Feurer wanted to be part of the historic first field and was willing to do what it took, even if it meant crashing really bad. The former AHRA Pro Stock hitter was forced to bring his Mercury Zephyr to the first race when his new car was unfinished.
Every time Feurer drove the Mercury, he made it an adventure largely due in part to the car’s chassis having reportedly over a thousand passes. He had crashed the car many times [insert sarcasm] but never hit anything.
Friday’s qualifying for the first race was washed out leaving only two runs on Saturday. Breakage in the first run left Feurer with only one shot to earn a spot in the field.
Feurer launched the car and the subsequent tire shake rattled the driver’s door open. Instinctively Feurer reached up and grabbed the door to hold it shut, all the while pulling the Lenco levers.
And the steering wheel?
“The car was steering itself,” Feurer said with a hearty laugh. “I shifted a gear, grabbed the wheel, shifted a gear and grabbed the wheel.”

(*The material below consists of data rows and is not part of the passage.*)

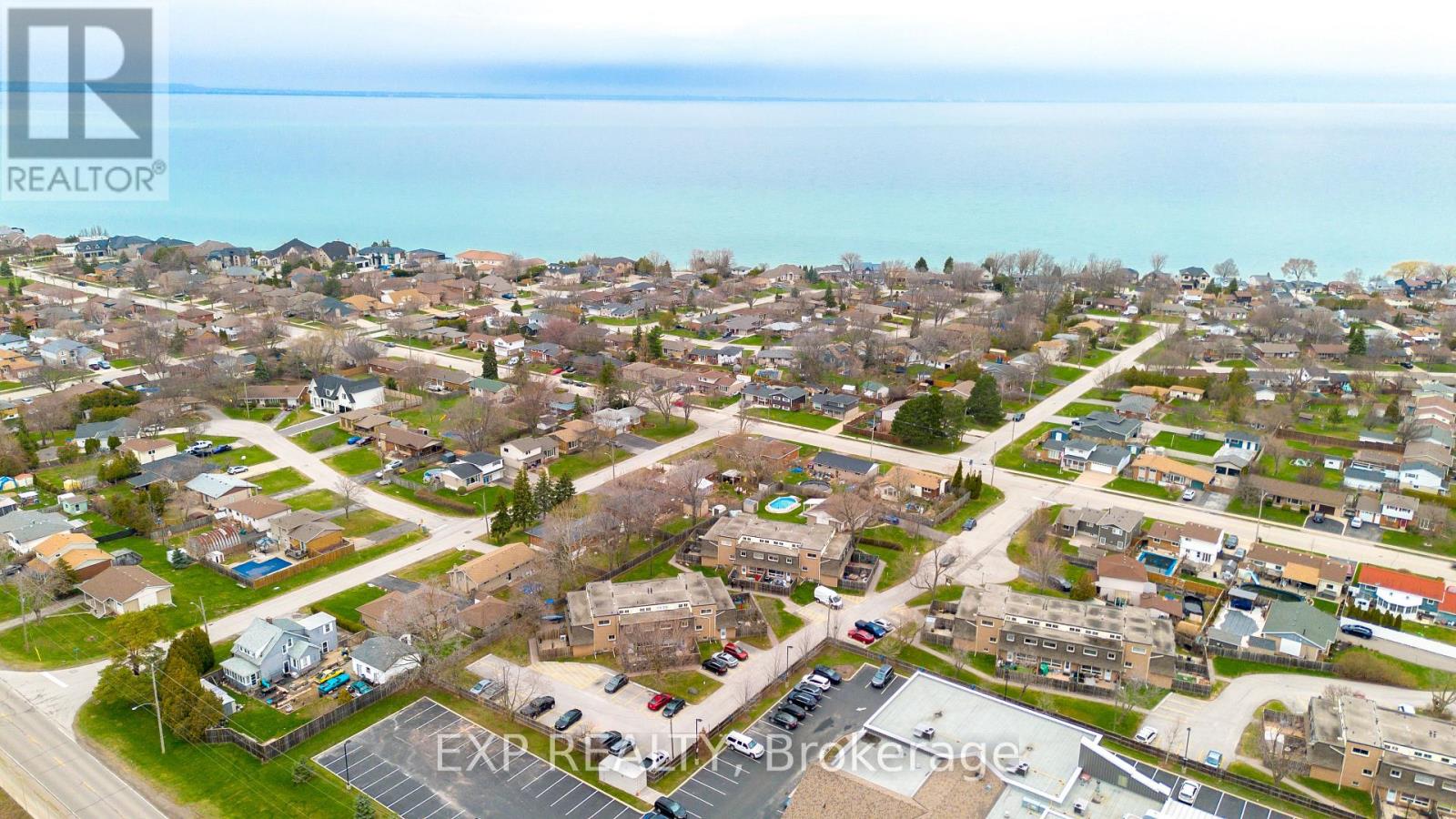 406 - 7 Viking Court, Grimsby, Ontario  L3M 3T8 - Photo 25 - X12995354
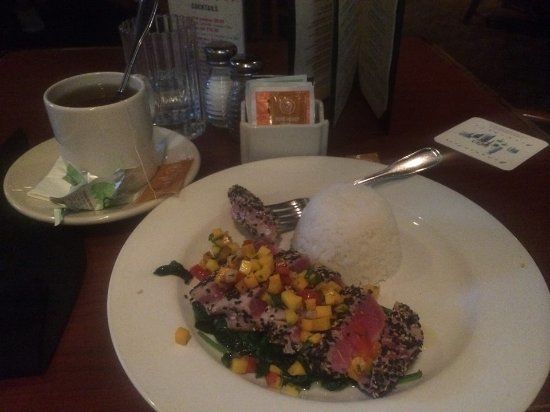 Bonaventure Brewing Co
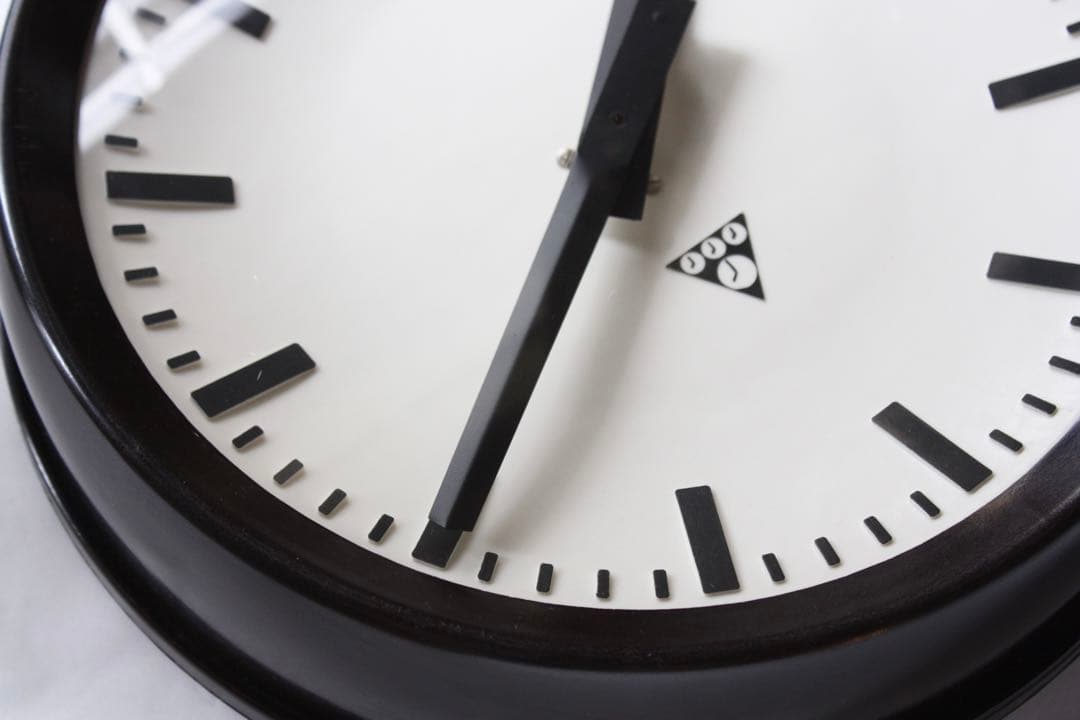 超希少！バックカバー付き！early60’s！厚さ7.5cm パラゴトロン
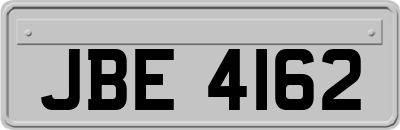 JBE4162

Ironically, in the opposite lane was a diesel repair shop owner from nearby Columbia, SC., who had been a part of the Pro Modified movement dating back to Top Sportsman and the Carolina Quick Eights.
Ed Hoover would go on to win the first event defeating eventual world champion Tim McAmis, who broke on the starting line.
Hoover won the event from the No. 3 qualifying position, behind Mike Ashley and Kuhlmann.
Hoover defeated Paul Strommen [Christine ’58 Plymouth Fury], Norm Wizner [Mega Ford ’57 Ford] and Michael Martin. He established low elapsed time of the event with a 7.023 second pass.
“That event was nothing but exciting, and I have to admit, if Tim McAmis hadn’t hurt his engine, he would have been a handful to run,” Hoover said. “We were both running good that weekend. As it turned out, winning that race will always be a bright part in my career.”
Hoover will always consider the win to be sufficient compensation for missing the first 200 mph run at 199.21. A broken engine mere feet from the finish line also cost him the first-ever six second pass in doorslammer history. He was the car before Tommy Howes, when the barrier was broken.
Nothing, Hoover contends, was going to rob him of winning that first race in 1990.
“I knew I wanted to win, but the magnitude of it didn’t hit me until well after the event was over,” Hoover added. “We had run the Quick Eight events and won a few of them, so it didn’t immediately register to me. I guess you never really believe that as a drag racer you will end up one day in a trivia question. I guess I was just happy to win a drag race.”